וְלֹא־תָבִ֤יא תֽוֹעֵבָה֙ אֶל־בֵּיתֶ֔ךָ וְהָיִ֥יתָ חֵ֖רֶם כָּמֹ֑הוּ שַׁקֵּ֧ץ ׀ תְּשַׁקְּצֶ֛נּוּ וְתַעֵ֥ב ׀ תְּֽתַעֲבֶ֖נּוּ כִּי־חֵ֥רֶם הֽוּא׃
Let’s discuss something uncomfortable. Pornography is ubiquitous. There are few people that have not been exposed to pornography and many who are looking at it regularly.
My unscientific experience with the people whom I meet in my office shows a significant increase in premarital sexual activity and extra marital sexual activity in those who have come of age post the 2010’s. The same in terms of female porn addiction. I am not the kind of person who sits around with sackcloth and ashes bewailing the state of our society, so I am not going to even bother to list the harmful influences. The most important part of any psychological problem is to recognize that it is there. One cannot change what one is not willing to admit exists.

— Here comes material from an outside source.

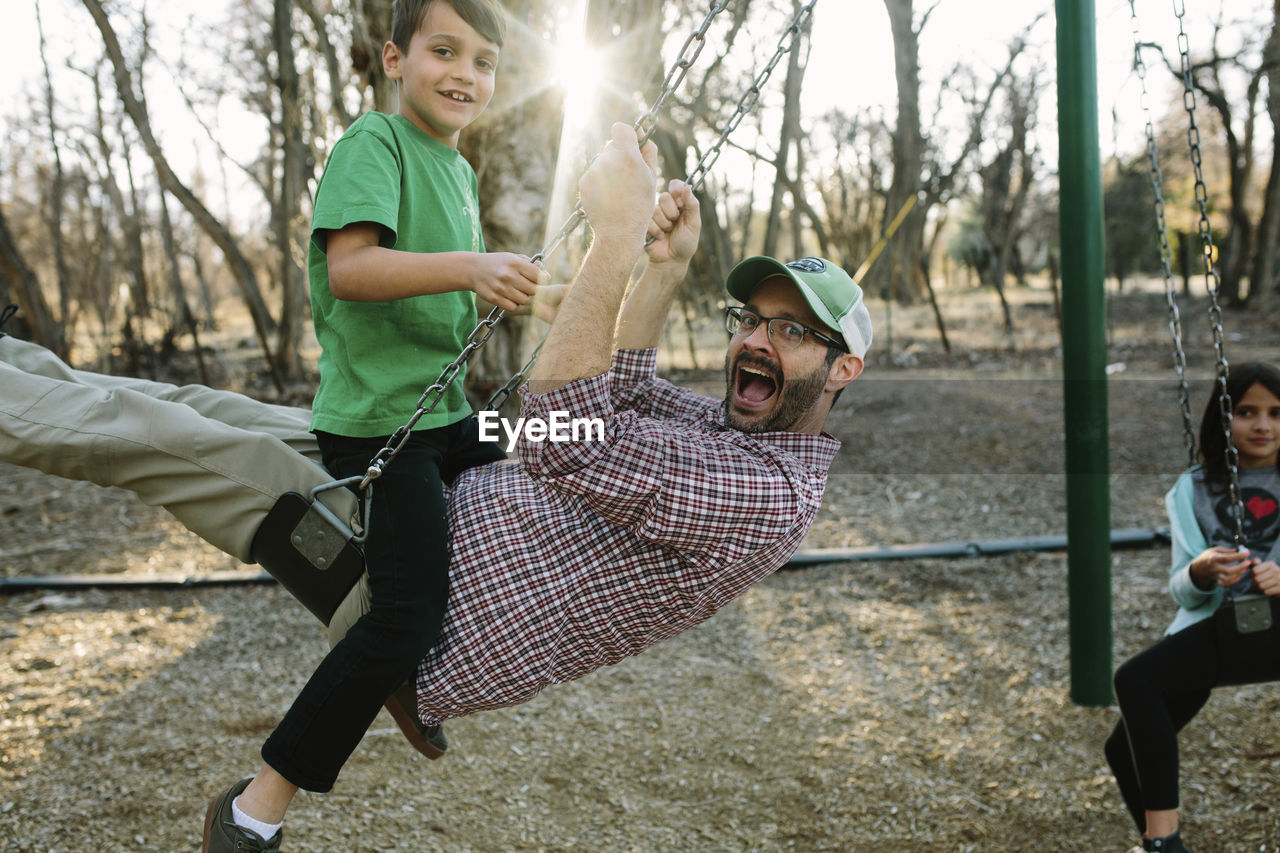 Portrait of happy family swinging against bare trees in playground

What I think is even worse than the pornography is the tortured guilt that many people can feel. It is hard on the psyche to be devout in every other way and feel compelled by an irresistible urge to look at porn and masturbate. However, the urge for some can indeed be overwhelming, especially when conditioned to it from youth.

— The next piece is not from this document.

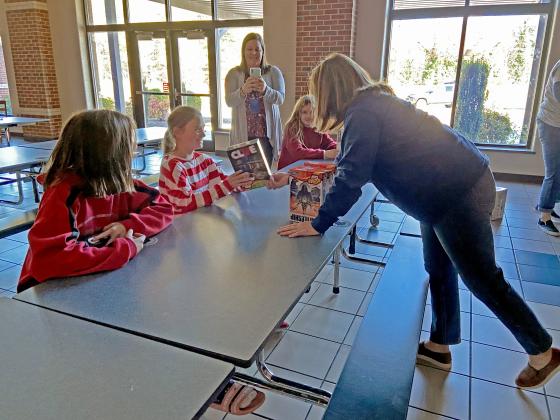 Students were all smiles as they received the games from Hasbro. Pictured is White County School System Superintendent Laurie Burkett giving a Clue game to a student. (Photo/Stephanie Hill)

Many believe that they will stop when they are married. Often that does not work. Once boredom and frustration set in, which is at times part of any relationship, the same old urges come back.

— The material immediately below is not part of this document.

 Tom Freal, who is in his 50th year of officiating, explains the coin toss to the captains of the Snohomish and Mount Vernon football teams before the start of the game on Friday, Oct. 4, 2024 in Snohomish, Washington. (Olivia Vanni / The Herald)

There is also unfortunately the matter of escalation. Regular sex pornography can become stale, leading people to take more risks such as on line encounters with underage persons or those providing videos from unknown and dangerous sources. It is a federal crime to possess pedophilic material. There are also those who escalate to live cameras and live encounters.
Ok, so what do we do? First of all, it’s important to stop judging those who fall into the trap. Spouses and parents should view this the same as opiate addiction. It is much less about right and wrong and much more about how destructive and compulsive it can be. Even when parents know by various signs that their adolescents have been looking at porn, there is no way to know the extent of it, and whether it has done much damage or not. Like alcohol and other drugs, it’s definitely unhealthy but completely variable to the extent that the person is caught up in it. Experimenting? Early stages of addiction? Completely overcome and overwhelmed?
For spouses, it’s easier and harder. It’s harder because spouses have to overcome a feeling of betrayal, being cheated on, and possibly inadequacy as compared to the portrayal of superhuman bodies and sexual feats on these videos and may feel in competition with what is depicted. It’s also easier because there are accessible avenues of sexuality that can be explored. This is not to say that someone looks at porn because their spouse does not give them enough Sex. That is ridiculous. Every person is responsible for managing their sexual needs and impulses. However the solution to a problem is not the same as the cause. Couples can work to normalize sexual urges, by being open and honest about wishes and needs. They can help each other with vulnerabilities. It is hard but important work to become sexual adults.